İsmet TONGO: Hakan Ünsal, Arif ve en önemlisi Bülent. Baliç’e bir şey diyemem ancak Bülent’in bu kulüpte ismi hep vardı. Onun yaptıkları silinmeyecek cinsten. Profesyonel dünyada ilişki kesmek, bir adamı işe almak kadar haktır. “Şimdi antrenmana çıkın, kulüp bulursanız sizi veririz” deyin. Sonrası ne olacak! Bu ayıp, Galatasaray’a asla yakışmaz. Sezon sonuna kadar bekleyebilirdin, kiraya verebilirdin, takasa yollayabilirdin ama hiçbirini yapmadın. En aşağılayacak biçimde onları orada tuttun. Bu olay son derece ayıp ve vefasızlık örneğidir. Unutmadan, eskilerin bir sözü vardır; “Etme bulma dünyası!” Kulüp cephesine bunu hatırlatalım.
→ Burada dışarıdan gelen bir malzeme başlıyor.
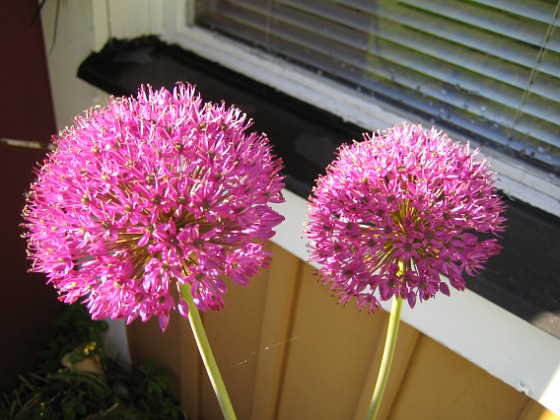 Allium 
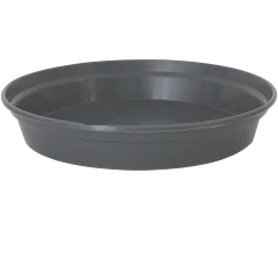 Grey Saucer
Cünet TANMAN: Vefa çok hoş bir kelime de; içi aslında boş. Kişilerin anlayışlarına, davranışlarına göre değişiyor. Bülent, futbol adına başarısız değil. Saha içindeki davranışları antipatik gelebilir, ama futbol olarak son yıllarda mükemmel. Operasyonda adı varsa gereçke futbolu olmamalı. Haklı mı, haksız mıya girmem, işin içinde değilim. Ama bu davranış biçimi bana yabancı değil. Açıklık, dürüstlük, ahde vefa adına son zamanlarda yapılanlar G.Saray'a puan kaybettirdi. Birçok insan, 1.5 yıldır ben de dahil bu nedenle G.Saray'a, tesislere girip çıkmıyor.
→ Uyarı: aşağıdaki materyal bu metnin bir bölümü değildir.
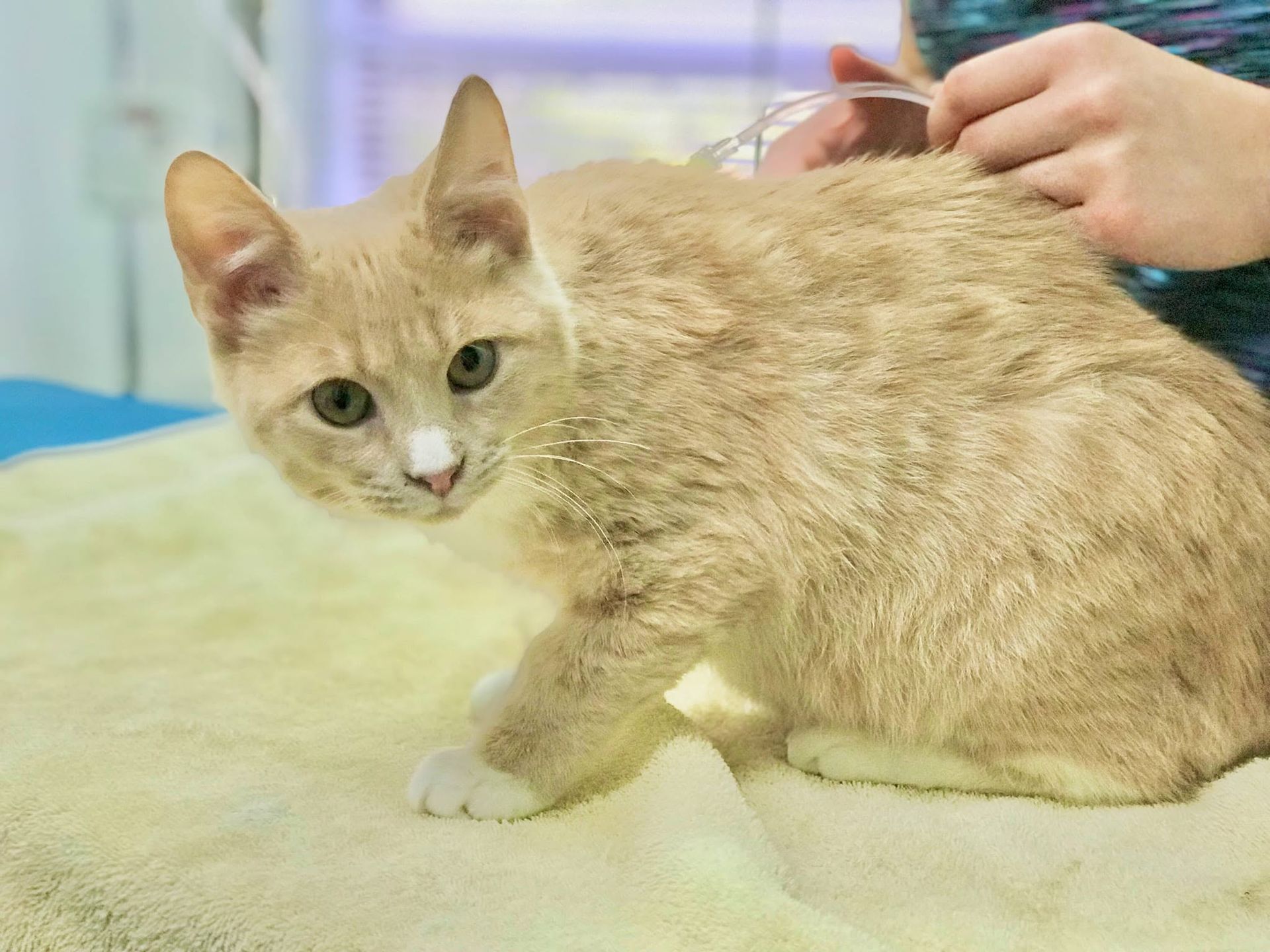 Tan kitten being gently petted on a bed, looking toward the camera.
İskender GÜNEN: Demek ki, "vefa" İstanbul'da bir semtmiş. Böyle bir harekete katılmam mümkün değil. Çok yanlış ve çirkin bir tarz. Profesyonel anlamda sezon sonu gelir, artılar-eksiler ortaya konur. Ondan sonra oyuncuşya bir tebligat yapılıd. Sezon içinde böyle bir hareket bu futbolcuları topluma günah keçisi olarak sunmak tam bir arabesk davranış.
Haldun DOMAÇ: Vefadan çok adalet duygusu zedelendi. Daha kötü oynayan Frank de Boer, sırf maddi bağlantılar nedeniyle dururken, antipatikliğine rağmen cansiperane oynayan Bülent'e vurdu piyango. Bence bu kararı alanlar adaleti zedeledi. Vefa bir yere kadar. Sonsuza kadar değil. Adalet daha önemli. Ve bu karar adil değil.
Bülent TULUN: Fatih Terim ve Ali Dürüst'ün beyanatları çelişkili. Dürüst, "Kulüp bulun" dedik diyor; Terim "Kadro dışı söz konusu değil" diyor. Acayip bir çelişki var. Bu çocuklarlar borç-alacak ilişkin sürüyor. Paraları ödüyorsun. 10 yaşında kulüpten girmiş Bülent'e yapılan ise çok yanlış. Yanlışlar bir kere başladı mı, arkası kesilmez. Uyuşturucu bağımlılığı gibi.